会社側としては、この調査官側のテクニックも念頭に入れて対処すべきです。しかし、会社側にとって、どこは勝ち目のない部分で、どこは会社が争えば当局が更正処分を打てない部分なのか、見抜けるだけの知識が必要です。
C 調査官にもノルマがある?
調査官にとって、いくらの金額の増差税額(調査により判明して追加徴収できる税額)を取って来い、というノルマがあるか否かといえば、生命保険のセ−ルスのように目標数字を課せられているわけではありません。しかし、個々の調査官も、同僚との間で厳しい出世競争を強いられています。上司である統括官ならば、部下が上げた増差という成績により、その評価が決まります。そして取ってきた増差税額が、税務署員としての一生における地位を決めることになるのです。
ずば抜けた成績(増差税額)を上げていれば、たとえ高卒のノンキャリア組であっても、地方の税務署長の椅子までならねらえます。一方、申告是認(空振り)ばかりで成績はいつも振るわなければ、定年まで勤めてもせいぜい上席調査官止まりで一生を終えます。地位は給与や手当てだけでなく、退職金や老後の年金にも影響しますし、署長や副署長になれれば、退職時に税務署が前年の年収分くらいの顧客を斡旋してくれます。調査官が増差の獲得に夢中なのも、しごく当然といえます。
D 「おみやげ」論について
会社経営者や税理士の一部は、したり顔でこう話す人がいます。「税務調査の時は、調査官へのおみやげとして、少々の増差をだして税金をくれてやった方がいい。向こうもノルマがあり手ぶらでは帰れないので何か出るまで粘るだろうから、その方が調査が早く終わる。」と。調査官の中にも、会社に対して、「ここを認めてくれないと調査が長引きますよ。」と脅す(?)人がいます。

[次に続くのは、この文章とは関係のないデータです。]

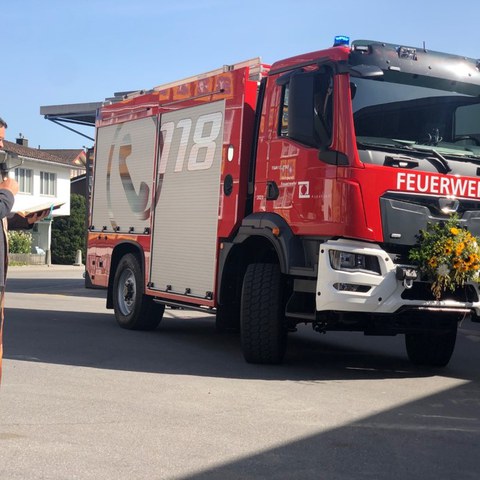 Segnung durch Pfarrer Lukas Hidber. Vergrösserte Ansicht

しかし、これは大きな誤解です。調査官には、調査に行く会社の件数というノルマもあり、一つの会社の調査に割くことのできる日数は、小規模零細企業が相手であれば、会社での調査と取引先や銀行等の反面調査、税務署内での報告書作成等も含めて、せいぜい3日か4日が限度でしょう。修正申告に応じないからといって、調査を長引かせることはできません。もしも一つの会社だけにかかわりあっていれば、件数を達成できないのです。
また、税務署は調査の記録を「税歴表」という記録簿に残し、後任者に申し送りしており、今回の調査官も税歴表を見て調査対象企業を決め、過去の税務調査の記録を読んでから会社に来ているのです。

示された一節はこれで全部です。